Reportagem | Homossexualidade, o tabu quase visível

Ser gay ou lésbica em Macau é hoje mais fácil do que há uns anos atrás. Mas a pequenez do território e a forte cultura tradicional chinesa fazem com que ainda seja difícil assumir uma relação em pleno. A homossexualidade continua a ser um tabu tolerado mas não debatido, e nem mesmo na comunidade portuguesa as coisas são mais fáceis

Calvin sabe que gosta de homens mas sente-se obrigado a casar com uma mulher para garantir a descendência familiar. António percebeu, desde o primeiro momento em que viu um tronco nu masculino na televisão, ainda em criança, que o sexo igual ao seu o atraía, mas só contou a uma prima mais próxima. Milo namora com um homem na Holanda e a família sabe de tudo. Miguel vive bem a sua homossexualidade e já não se importa com o que os outros pensam de si. Luciana é bissexual e também vive bem com isso.
Todos eles são chineses nascidos em Macau ou portugueses que fizeram do território a sua casa. Vivem a homossexualidade de maneira diferente mas afirmam: apesar de uma maior abertura, continua a ser um assunto que é reconhecido, mas sobre o qual as famílias, patrões ou colegas não falam. A pequena dimensão do território e os fortes laços da cultura chinesa dificultam uma maior expressão da sua sexualidade. Devido à quase inexistência de espaços “gay friendly” ou de actividades de apoio à comunidade LGBT, as aplicações de telemóvel ou internet acabam por servir de porto de abrigo. Para falarem abertamente do assunto, nenhum entrevistado aceitou ser fotografado ou dizer o nome verdadeiro, muito menos a profissão.
António, chinês nascido em Macau, nunca contou à família porque tem a certeza de que esta nunca aceitaria. “Acredito que a sociedade, no geral, tolera a existência de casais do mesmo sexo a viverem juntos. Contudo, não me sinto confortável a fazer isso ou a ter uma relação de forma aberta porque não quero que a minha família saiba. Uma vez que Macau é um território pequeno, e se me assumir como gay de forma frontal, a minha família vai saber. Sem a minha familia saber considero um dia viver com alguém. Acredito que é mais difícil ser gay em Macau devido ao tamanho do território”, contou ao HM.

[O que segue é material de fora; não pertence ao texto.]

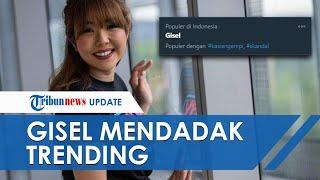 Nama Gisel Mendadak Trending di Twitter, Diikuti dengan Beberapa Hastag Lainnya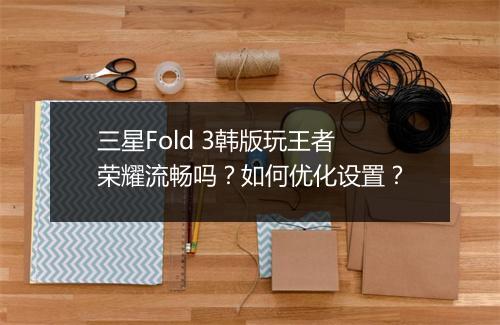 三星Fold 3韩版玩王者荣耀流畅吗？如何优化设置？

A cultura chinesa faz com que seja mais difícil a um homem assumir a homossexualidade, garante António. “O estereótipo da homossexualidade na cultura chinesa tradicional é que todos os homens gay agem de forma feminina e preferem sexo anal. Esse é o estereótipo existente na sociedade chinesa em Macau. Também pensam que estão a rejeitar a sua herança cultural (不孝) porque um dos deveres do homem é reproduzir-se e continuar o nome da família. A geração mais velha também fica preocupada com o facto de ninguém da família se sacrificar por eles no futuro devido à falta de descendência”, aponta.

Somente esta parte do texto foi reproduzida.